## WORK ORDER:
Copy the material below verbatim from the line with "10oz 20oz Large" to the line with "Honeyhandy Leather Jewelry", both lines included, omitting pictures and every line outside that range.

## SOURCE DATA:
=== Begin Enclosure ===

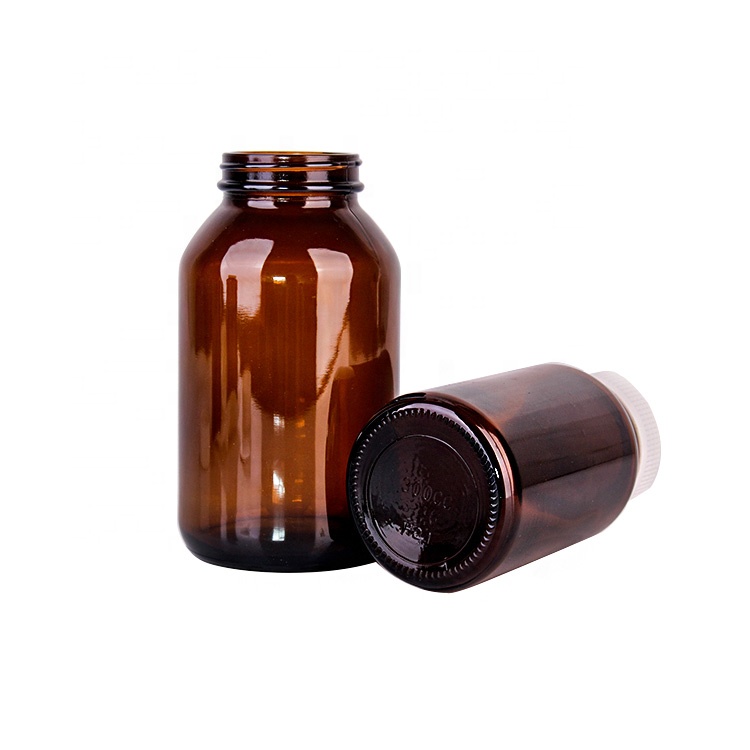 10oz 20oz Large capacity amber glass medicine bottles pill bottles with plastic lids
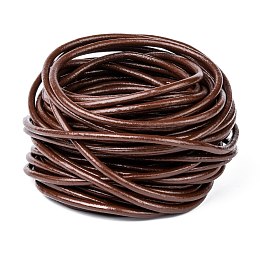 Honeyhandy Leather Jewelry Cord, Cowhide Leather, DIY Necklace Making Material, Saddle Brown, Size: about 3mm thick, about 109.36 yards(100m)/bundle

=== End Enclosure ===
=== Begin Enclosure ===

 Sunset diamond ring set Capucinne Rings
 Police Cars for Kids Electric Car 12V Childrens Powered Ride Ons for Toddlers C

=== End Enclosure ===
=== Begin Enclosure ===

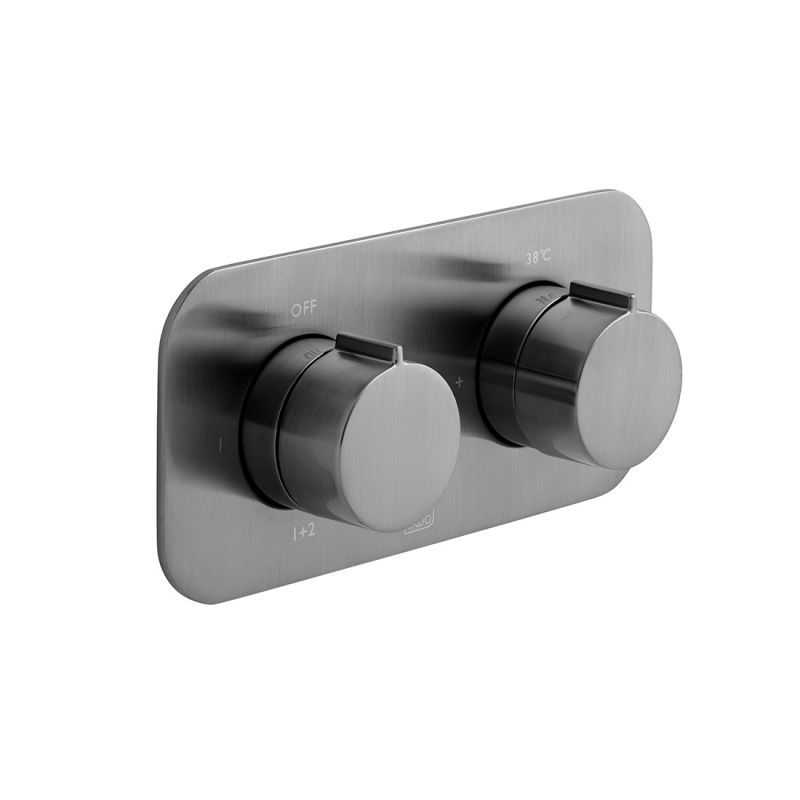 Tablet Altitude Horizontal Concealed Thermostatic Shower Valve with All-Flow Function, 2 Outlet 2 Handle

=== End Enclosure ===

## ANSWER TO THIS EXERCISE:
 10oz 20oz Large capacity amber glass medicine bottles pill bottles with plastic lids
 Honeyhandy Leather Jewelry Cord, Cowhide Leather, DIY Necklace Making Material, Saddle Brown, Size: about 3mm thick, about 109.36 yards(100m)/bundle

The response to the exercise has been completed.